==== Supplied data
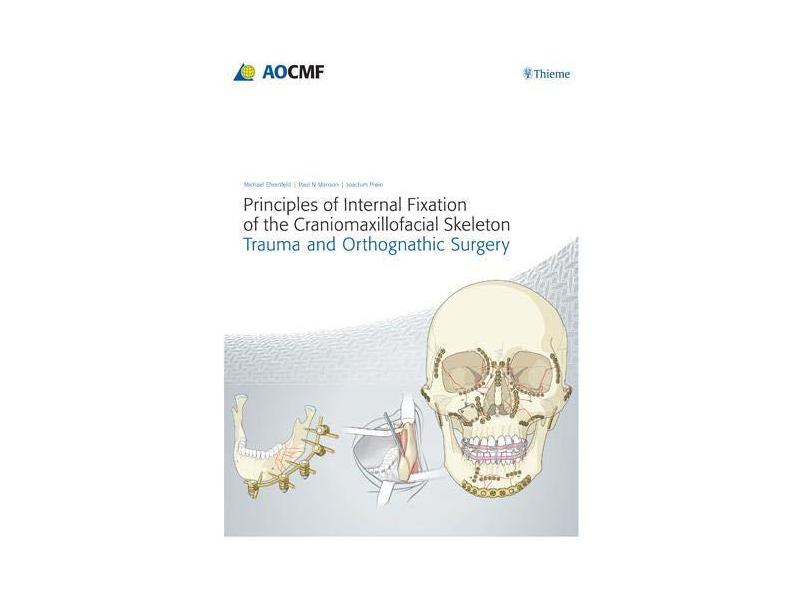 Principles of Internal Fixation of the Craniomaxillofacial Skeleton: Trauma and Othognathic Surgery - Joachim Prein - 9783131714817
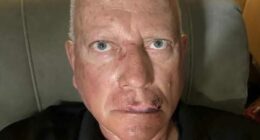 Horrific injuries suffered by grandpa, 66, beaten up by child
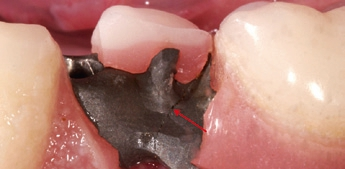 Abb. 8: Gerüstfraktur am Extensionsglied bei festsitzenden, rein implantatgetragenen Suprastrukturen im Ober- und Unterkiefer, 2 Jahre nach Eingliederung. Es lagen weitere Frakturen vor. Neben hohen okklusalen Kräften kommt hier eine Unterdimensionierung als Frakturursache infrage.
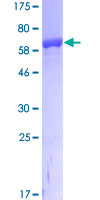 ENO1 / Alpha Enolase Protein - 12.5% SDS-PAGE of human ENO1 stained with Coomassie Blue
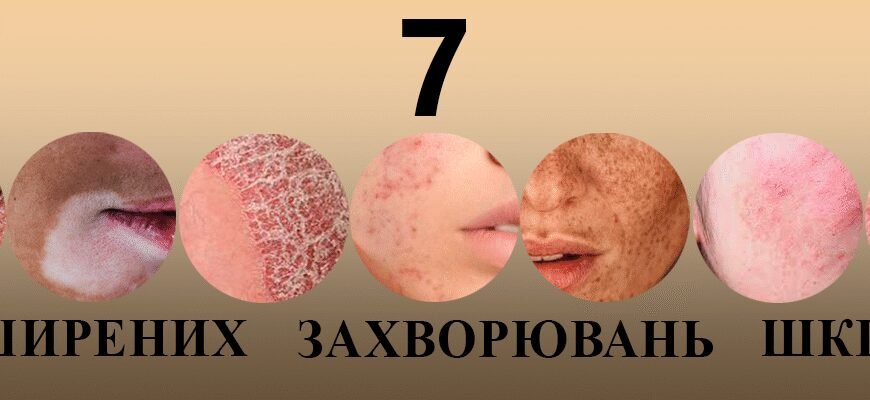 Які є хвороби шкіри: перелік частих дерматологічних проблем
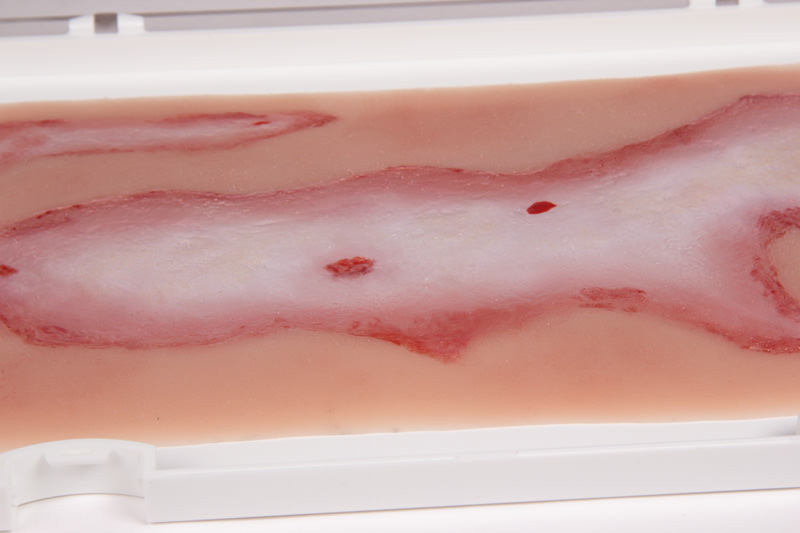 WUNDMOULAGE VERBRÜHUNG WUNDMOULAGE VERBRÜHUNG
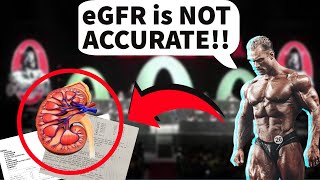 Is eGFR Accurate  Improve Kidney Function In Seconds  Doctors Analysis [upl. by Gore]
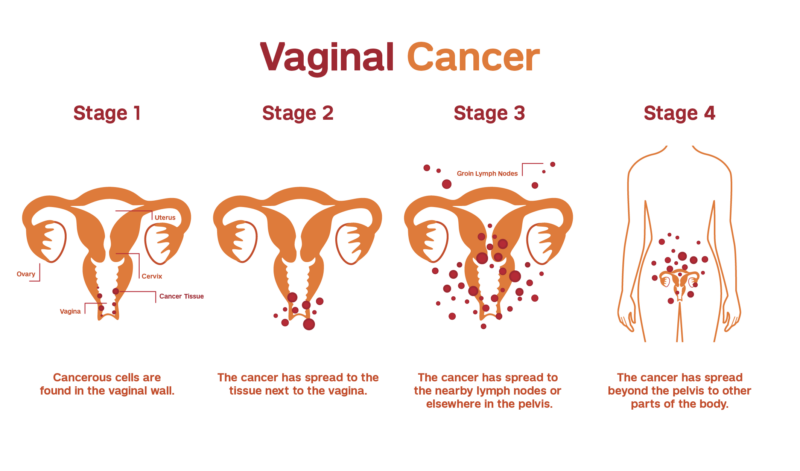 Vaginal Cancer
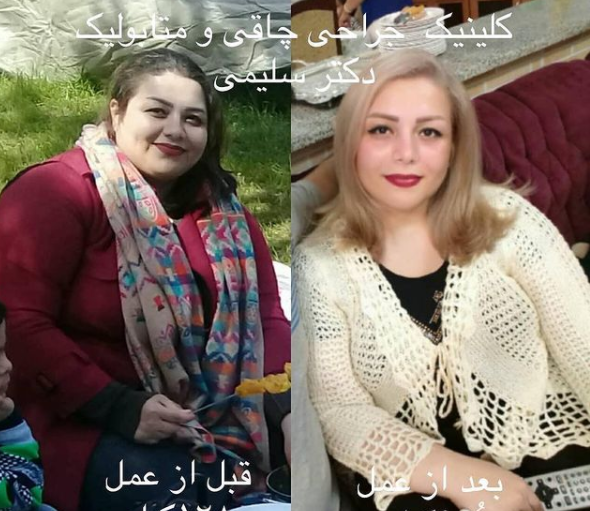 عکس قبل و بعد لاغری نی نی سایت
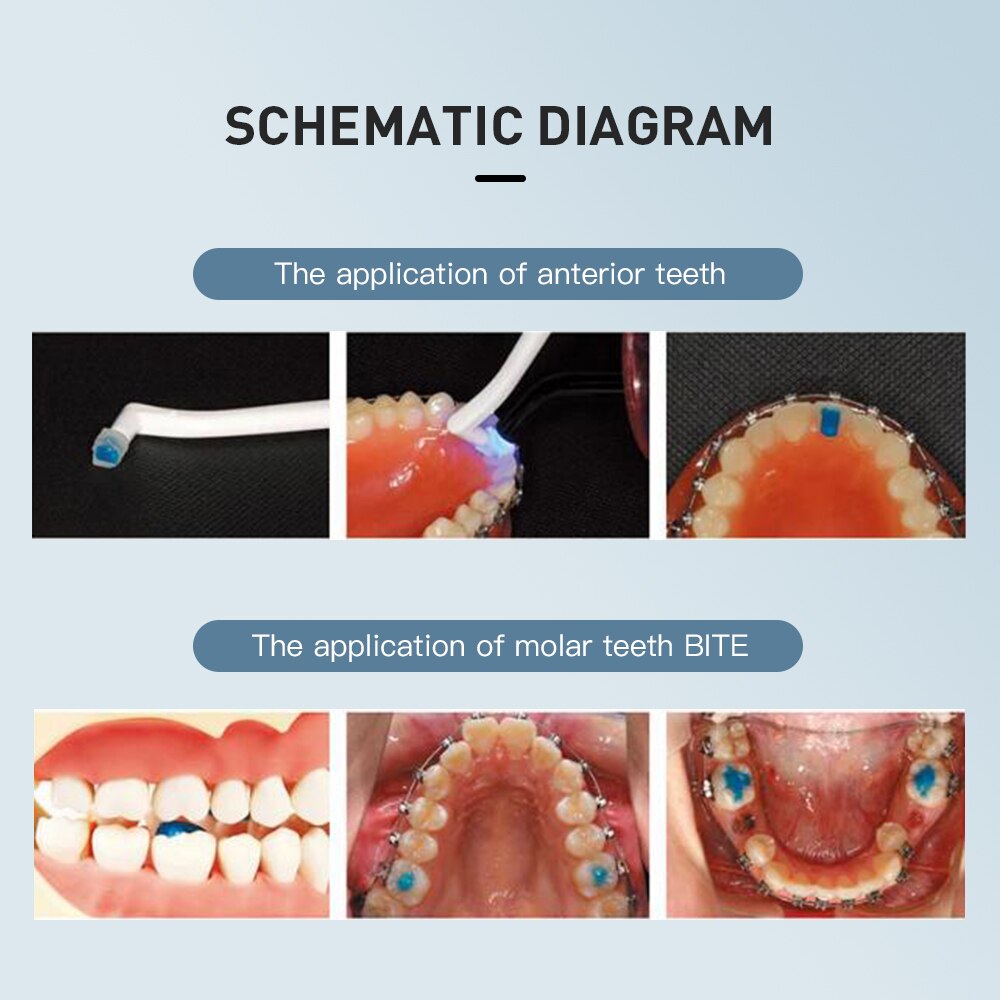 Dental Orthodontic Adhesive Light Cure  Blue Glue Kit - KiwisLove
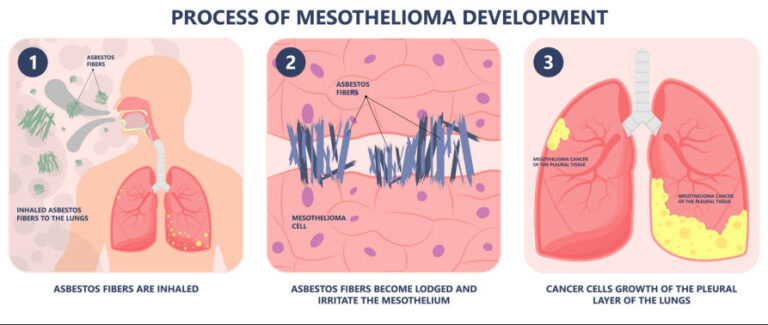 diagram detailing the process of mesothelioma development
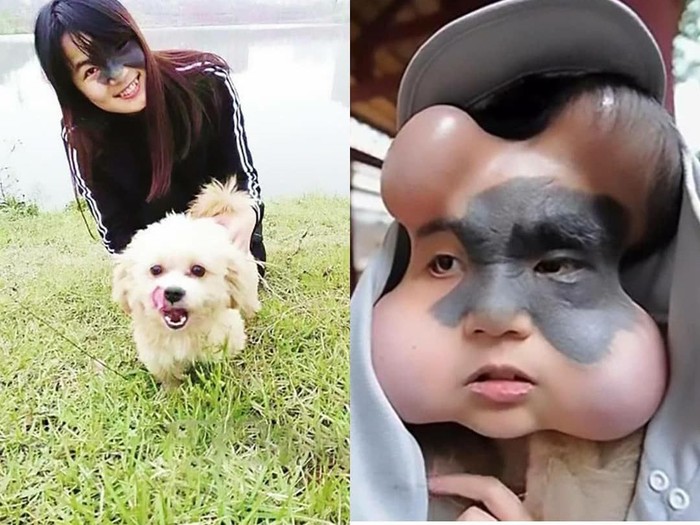 Terdapat empat implan balon di wajah Xiao Yan. (Foto: Facebook/Chidozieblog) Terdapat empat implan balon di wajah Xiao Yan. (Foto: Facebook/Chidozieblog)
========
All lines from the one containing "Is eGFR Accurate" through the end of the data are to be restated exactly, with nothing else and without the pictures.

 Is eGFR Accurate  Improve Kidney Function In Seconds  Doctors Analysis [upl. by Gore]
 Vaginal Cancer
 عکس قبل و بعد لاغری نی نی سایت
 Dental Orthodontic Adhesive Light Cure  Blue Glue Kit - KiwisLove
 diagram detailing the process of mesothelioma development
 Terdapat empat implan balon di wajah Xiao Yan. (Foto: Facebook/Chidozieblog) Terdapat empat implan balon di wajah Xiao Yan. (Foto: Facebook/Chidozieblog)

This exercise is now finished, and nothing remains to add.